Finjan announced important findings by its Malicious Code Research Center (MCRC) which have identified a new genre of crimeware Trojans.
Utilizing regular Web 2.0 technology and websites to provide cybercriminals with an easy and scalable command and control scheme, the latest “Trojan 2.0” attacks exploit the trust that legitimate web services enjoy vis-a-vis reputation-based security services.
As such, they enable criminals to further capitalize on the web as the most effective attack vector for a wide range of illegitimate and malicious activities – including botnet delivery of spam, identity theft through keylogging, highly sophisticated financial fraud, corporate espionage, and business intelligence gathering.
“Criminals and attackers are arming their crimeware Trojans with new covert communication channels designed to evade detection by traditional security products,” said Finjan CTO Yuval Ben-Itzhak.
“Since this model uses legitimate websites and domains for distributing instructions to botnets, these communications appear as regular web traffic, and in most cases cannot be detected by enterprises’ existing security solutions. The advancements made in Trojan technology compel businesses to upgrade their web security solutions. Products that rely on real-time inspection and true understanding of the underlying web content, rather than reputation-based or signature-based solutions, are best equipped to handle these types of threats.”
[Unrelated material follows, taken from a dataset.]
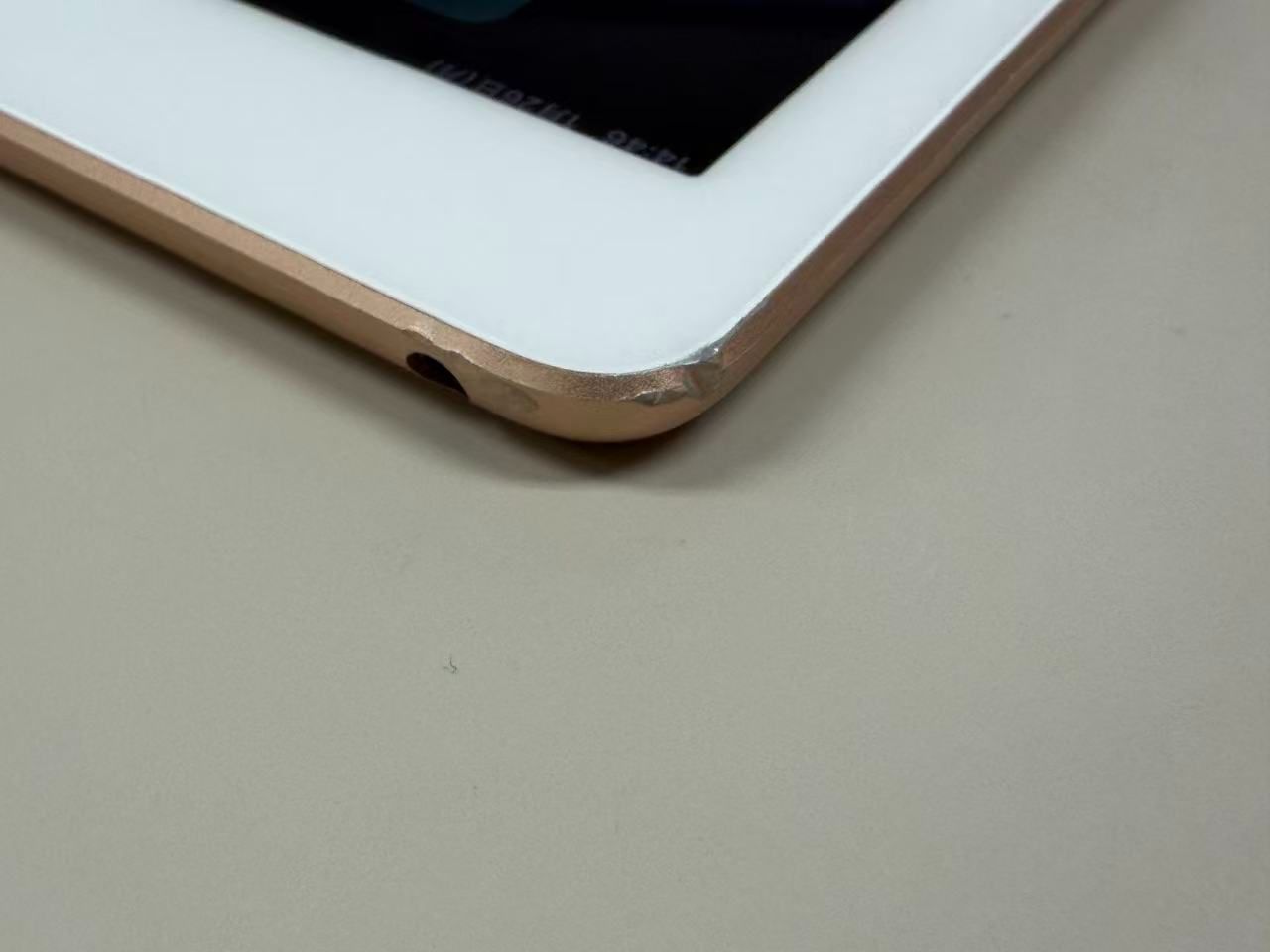 iPad (第6世代) 128GB ゴールド バッテリー劣化品 - メルカリ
New threats in 2008 will leverage advanced Web 2.0 techniques and services.
The latest report from Finjan MCRC also provides a forecast of what Finjan expects for the web security space in 2008.
As email-borne attacks continue to diminish – except for spam – and the web consolidates its claim as cybercriminals’ favorite vector of attack, the web channel will continue to evolve.
The stage is set for cybercriminals to leverage Web 2.0 technologies (e.g., RSS feeds, social networks, blogs and mashups) to reach new levels of technological sophistication.
New types of upgraded attacks, such as Trojan 2.0, will use the web as a control channel for communicating with botnets, taking advantage of the very trust that users have been conditioned to place in their traditional security vendors (e.g., anti-virus, URL reputation, etc).